▸ TRY IT
Output only the lines below from the one holding "2025년형 National 3C" down to the one holding "COBI - Konstruktors", both end lines included and every picture dropped.

▸ MATERIAL PROVIDED
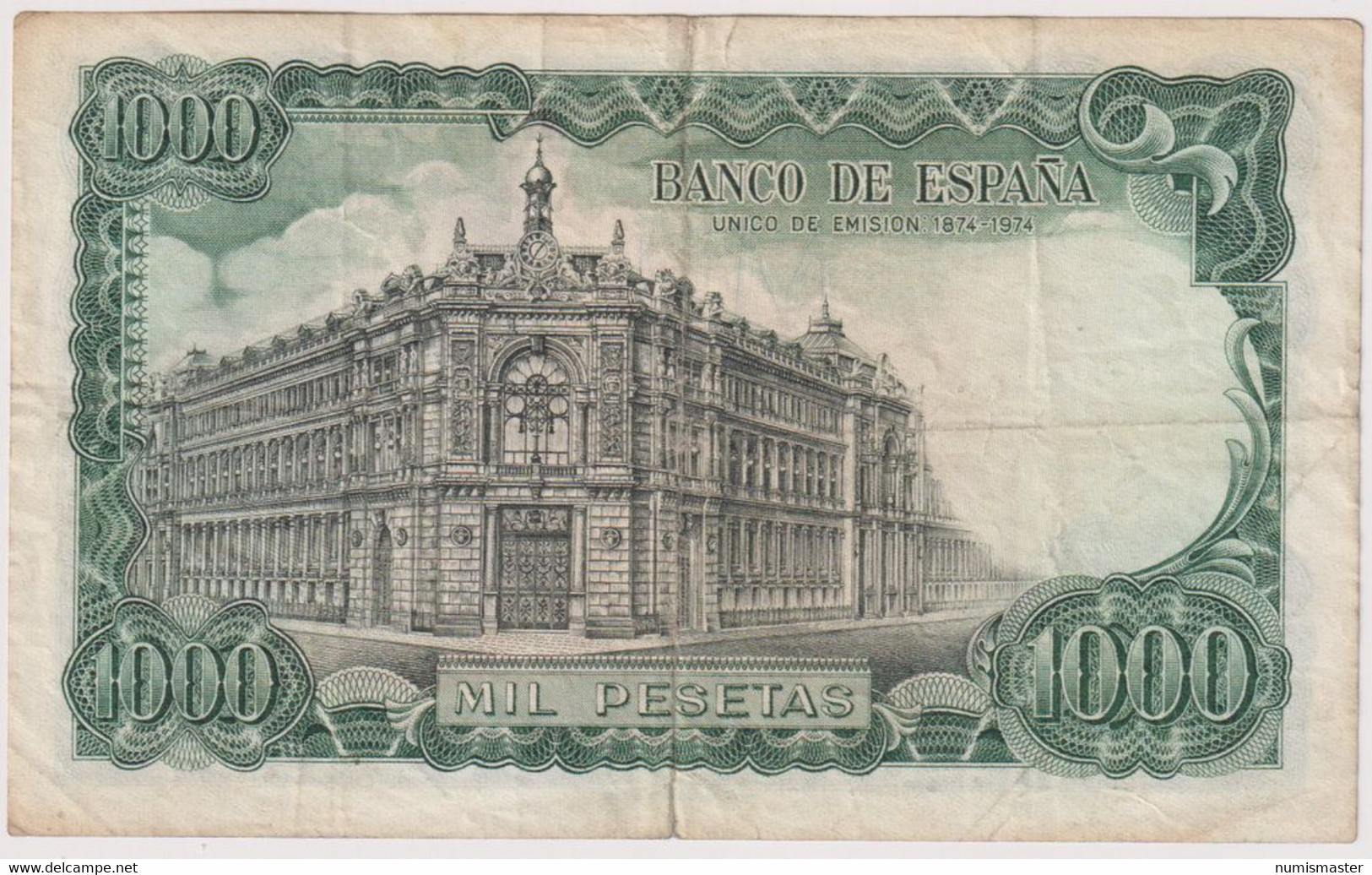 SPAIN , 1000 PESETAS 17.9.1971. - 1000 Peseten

--

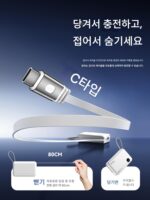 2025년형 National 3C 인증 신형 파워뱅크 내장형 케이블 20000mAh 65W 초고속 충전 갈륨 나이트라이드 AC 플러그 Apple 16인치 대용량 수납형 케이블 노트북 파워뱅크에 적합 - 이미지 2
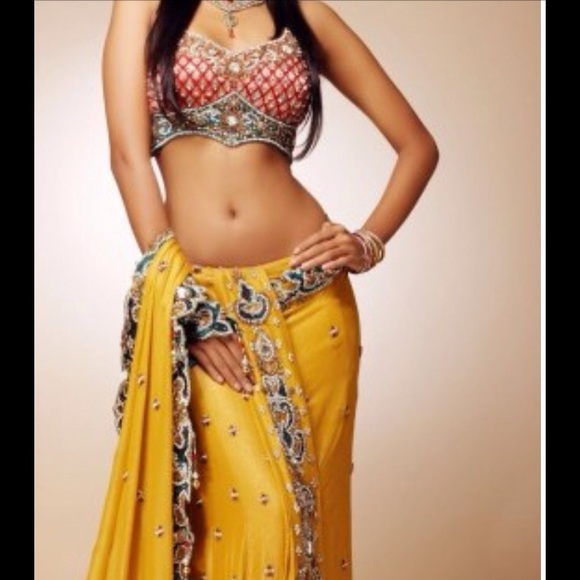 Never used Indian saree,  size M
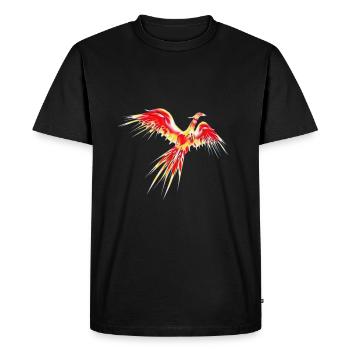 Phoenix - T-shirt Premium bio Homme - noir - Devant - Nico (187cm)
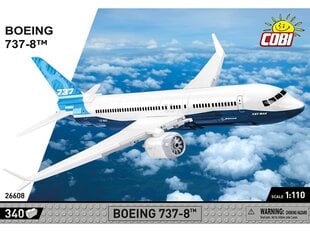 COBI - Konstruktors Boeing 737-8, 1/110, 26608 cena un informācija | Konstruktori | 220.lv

▸ RESPONSE TO THIS TASK
 2025년형 National 3C 인증 신형 파워뱅크 내장형 케이블 20000mAh 65W 초고속 충전 갈륨 나이트라이드 AC 플러그 Apple 16인치 대용량 수납형 케이블 노트북 파워뱅크에 적합 - 이미지 2
 Never used Indian saree,  size M
 Phoenix - T-shirt Premium bio Homme - noir - Devant - Nico (187cm)
 COBI - Konstruktors Boeing 737-8, 1/110, 26608 cena un informācija | Konstruktori | 220.lv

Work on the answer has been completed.